Hay tantas que compiten con el verde de la hierba por hacerse ver. Me fijo
entonces en que los tilos no son ya solo tronco y ramas, pues hojas, todavía
tiernas, empiezan a darles color y a dibujar una promesa de futuras espesuras.
Quizás también les hayan nacido brotes nuevos a la encina, los olivos y los
acebos, que me parecen hoy más frondosos que ayer.
La camelia de bajo el balcón se deshoja en pétalos rojos, que quedan
esparcidos a su alrededor, como si entonaran un réquiem por el invierno ya ido.

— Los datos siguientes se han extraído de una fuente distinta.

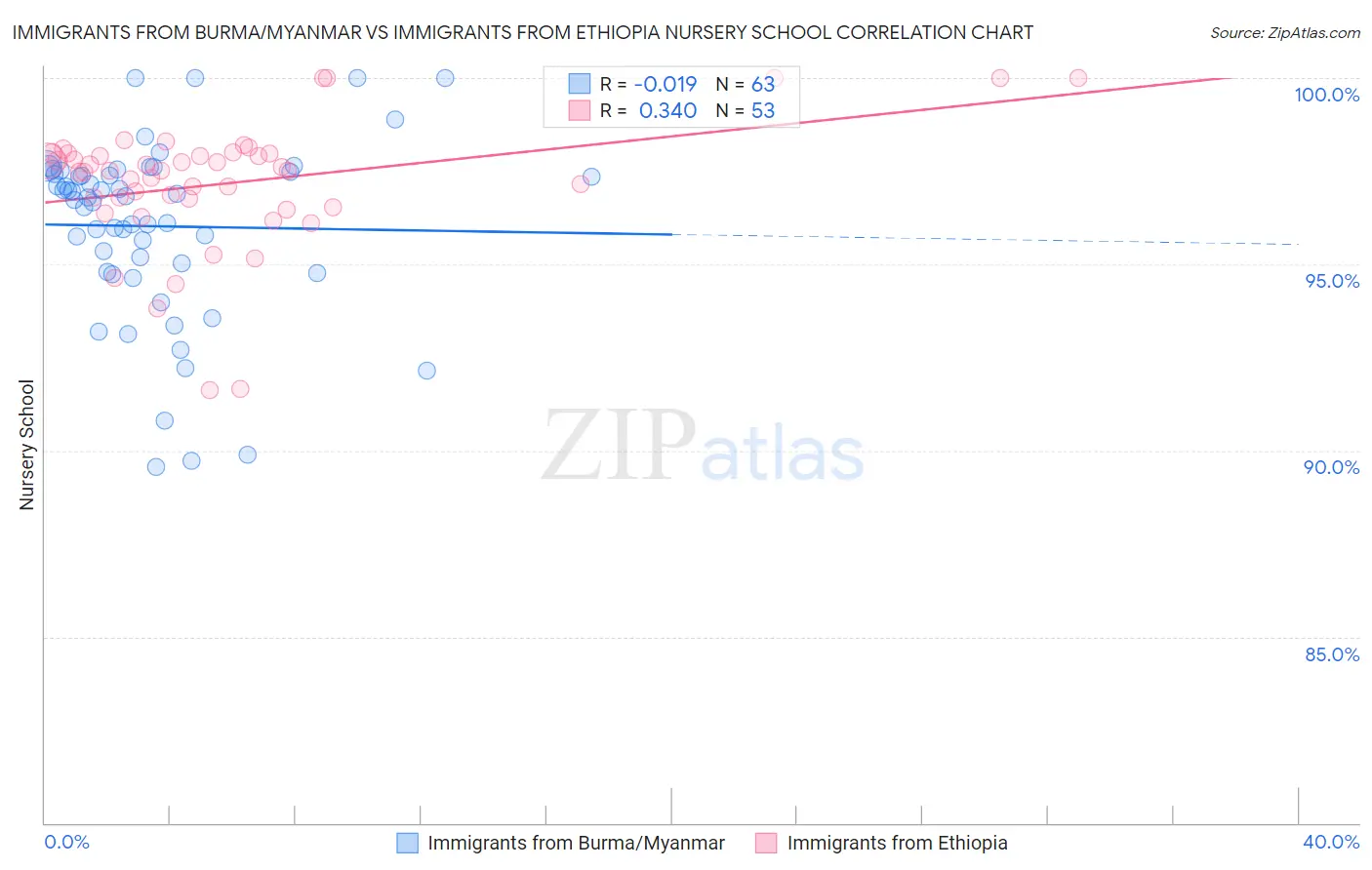 Immigrants from Burma/Myanmar vs Immigrants from Ethiopia Nursery School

Y en la lejanía, el sol se empeña en borrar de las montañas las últimas hebras de nieve que
aún quedan en las cumbres.
Casi me roza un cernícalo vulgar, que va sin compañía, y, para placer de
mis ojos, un instante se entretiene en jugar con el aire y esquivar algún
árbol, antes de perderse en el azul, alocado y fugaz.
Mientras me acaricia la brisa fresca y suave de esta mañana de abril,
agradezco estar aquí para contarlo. Se me ocurre que ejerzo de notario de una
realidad que adquiere sentido porque yo –u otro cualquiera- se lo doy, pues no
sería nada si alguien no la sintiese.
De pronto, en algún punto, un mirlo se pone a
cantar, seguramente una trova de amor.